Time Optimization

ratheesan · December 2009

Hi,
I am working with KMedoids clustering with 1.7MB text data.But it has been running for the last 3 and half days.The other operators took only 10 minutes .The KMedoids only taking the remaining time.Is there any way to optimize the process.The process is mentioned below.

<operator name="Root" class="Process" expanded="yes">
<description text="#ylt#h3#ygt#Optimizing vector creation for text classification#ylt#/h3#ygt##ylt#p#ygt#This experiments shows how to apply a cross validation to a classifier that learns to separate two sets of texts.#ylt#/p#ygt#"/>
<operator name="ExcelExampleSource" class="ExcelExampleSource">
<parameter key="excel_file" value="C:\Documents and Settings\ADMIN\Desktop\data1.xls"/>
<parameter key="first_row_as_names" value="true"/>
</operator>
<operator name="Nominal2String" class="Nominal2String">
</operator>
<operator name="StringTextInput" class="StringTextInput" expanded="yes">
<list key="namespaces">
</list>
<operator name="ToLowerCaseConverter" class="ToLowerCaseConverter">
</operator>
<operator name="StringTokenizer" class="StringTokenizer">
</operator>
<operator name="EnglishStopwordFilter" class="EnglishStopwordFilter">
</operator>
<operator name="TokenLengthFilter" class="TokenLengthFilter">
</operator>
</operator>
<operator name="KMedoids" class="KMedoids">
<parameter key="k" value="25"/>
</operator>
<operator name="AttributeFilter" class="AttributeFilter">
<parameter key="condition_class" value="is_nominal"/>
</operator>
<operator name="ExcelExampleSetWriter" class="ExcelExampleSetWriter">
<parameter key="excel_file" value="C:\Documents and Settings\ADMIN\Desktop\cluster1.xls"/>
</operator>
</operator>

Thanks
Ratheesan

land · December 2009

Hi,
unfortunately it takes time to calculate all the distances needed.
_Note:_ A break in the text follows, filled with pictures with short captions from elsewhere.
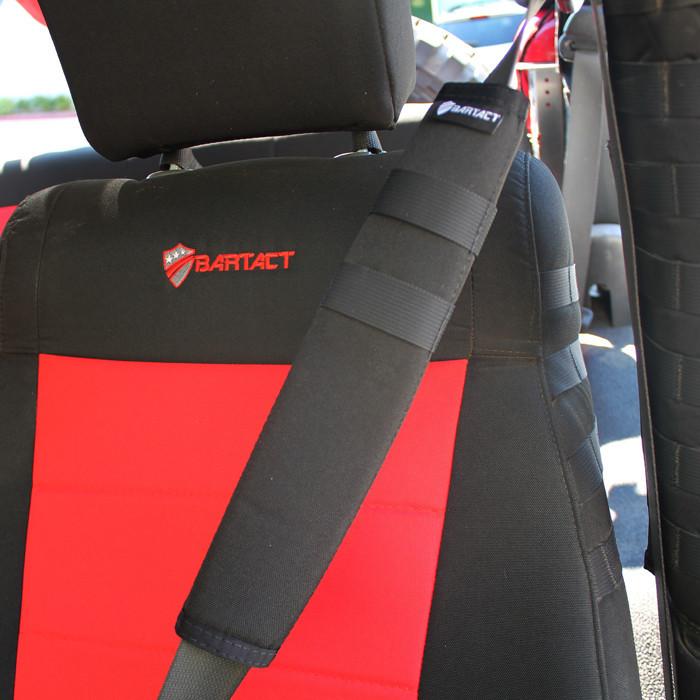 Bartact Universal Seat Belt Covers Up to $3.00 Off Free Shipping over $49!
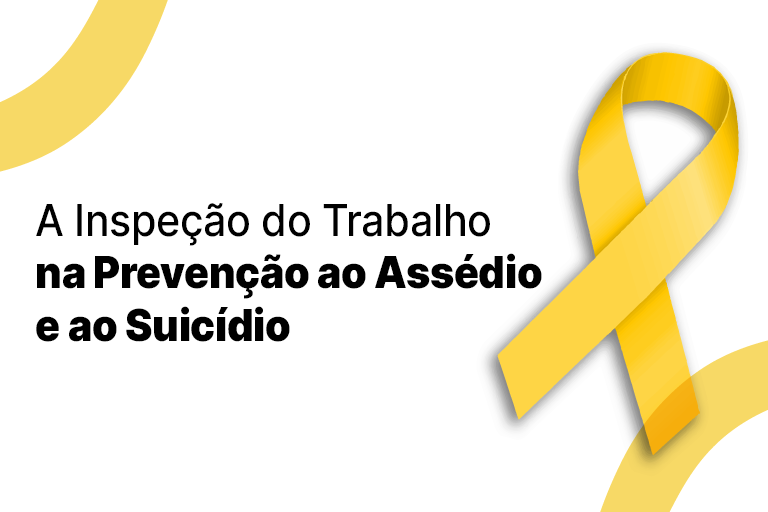 MTE promove debate sobre prevenção ao assédio e suicídio no ambiente de trabalho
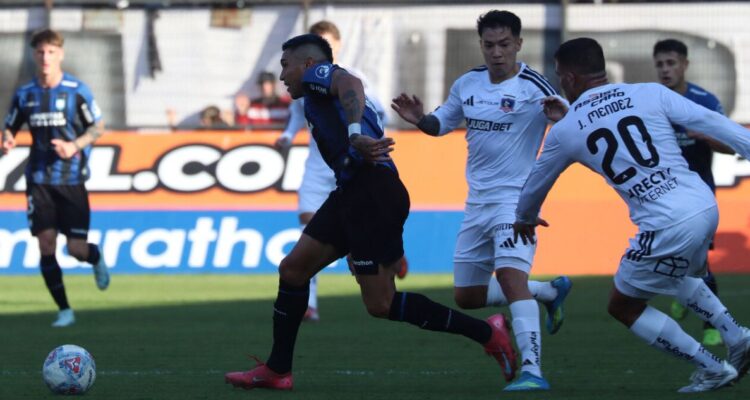 Huachipato y Colo Colo se enfrentaron en Talcahuano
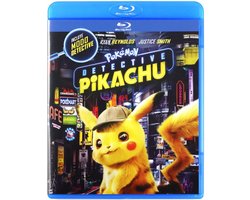 Pokémon: Detective Pikachu [Blu-Ray]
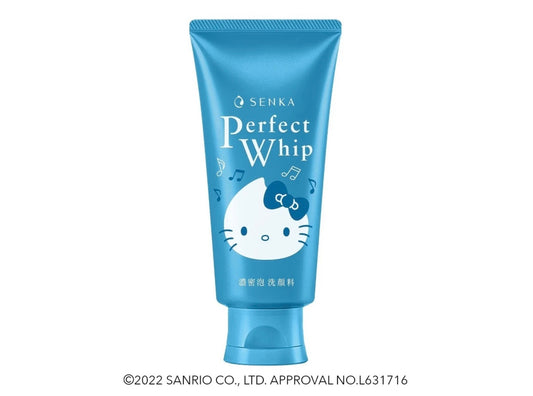 Senka Cleansing Senka Perfect Whip u (Hello Kitty Limited Design)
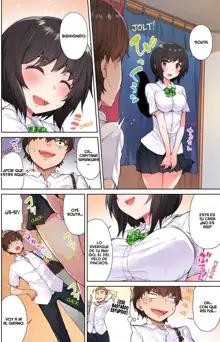 Traditional Job of Washing Girls Body - Araiya-san! Ore to Aitsu ga Onnayu de!? Ch.1-17 [Spanish] [UNCENSORED] [Blackmoon Scans (uncensored), Español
One hint: It might be useful to switch to CosineSimilarity. That's more suitable for text mining than euclidean distance.

Greetings,
Sebastian

ratheesan · December 2009

Thanks Sebastian,
Suppose I am using RM Enterprise edition,will it take the same amount of time when we are using RM Community version.

Thanks
Ratheesan

land · December 2009

Hi,
we have parallelized many important operators for the Enterprise Edition, but KMedoids is not part of it. But for the money of an Enterprise Edition, we could write you a parallelized KMedoids. One could even think about optimizing the operator for small example sets with many attributes like it is frequent in text mining tasks.

Greetings,
Sebastian

ratheesan · December 2009

Hi Sebastian,

I have tried the above process with Cosine similarity.But always getting the message " There is no obvious error,check the log file".Before applying KMedoids I used Attribute filter operator and selected numeric attributes because in KMedoids Numerical measures only provides Cosine similarity.

Thanks
Ratheesan

land · December 2009

Hi,
please send me your process. I will check if there's a bug.

Greetings,
Sebastian

ratheesan · December 2009

Hi Sebastian,

Thanks for your valuable help. This is my process

<operator name="Root" class="Process" expanded="yes">
<operator name="ExcelExampleSource" class="ExcelExampleSource">
<parameter key="excel_file" value="C:\Documents and Settings\ADMIN\Desktop\data1.xls"/>
<parameter key="first_row_as_names" value="true"/>
</operator>
<operator name="Nominal2String" class="Nominal2String">
</operator>
<operator name="StringTextInput" class="StringTextInput" expanded="yes">
<list key="namespaces">
</list>
<operator name="ToLowerCaseConverter" class="ToLowerCaseConverter">
</operator>
<operator name="StringTokenizer" class="StringTokenizer">
</operator>
<operator name="EnglishStopwordFilter" class="EnglishStopwordFilter">
</operator>
<operator name="TokenLengthFilter" class="TokenLengthFilter">
</operator>
<operator name="PorterStemmer" class="PorterStemmer">
</operator>
</operator>
<operator name="AttributeFilter" class="AttributeFilter">
<parameter key="condition_class" value="is_numerical"/>
<parameter key="parameter_string" value="sample"/>
<parameter key="apply_on_special" value="true"/>
</operator>
<operator name="KMedoids" class="KMedoids">
<parameter key="k" value="3"/>
<parameter key="max_runs" value="5"/>
<parameter key="max_optimization_steps" value="10"/>
<parameter key="measure_types" value="NumericalMeasures"/>
<parameter key="numerical_measure" value="CosineSimilarity"/>
</operator>
<operator name="ExcelExampleSetWriter" class="ExcelExampleSetWriter">
<parameter key="excel_file" value="C:\Documents and Settings\ADMIN\Desktop\modelcluster.xls"/>
</operator>
</operator>

If am using up to 250 records,its working properly but if going for more than 250 records I am getting the above message.

Thanks
Ratheesan.

land · December 2009

Hi,
the process just runs fine on here. I used 722 texts, but there was no error, at least not at the first few minutes of the KMedoids run.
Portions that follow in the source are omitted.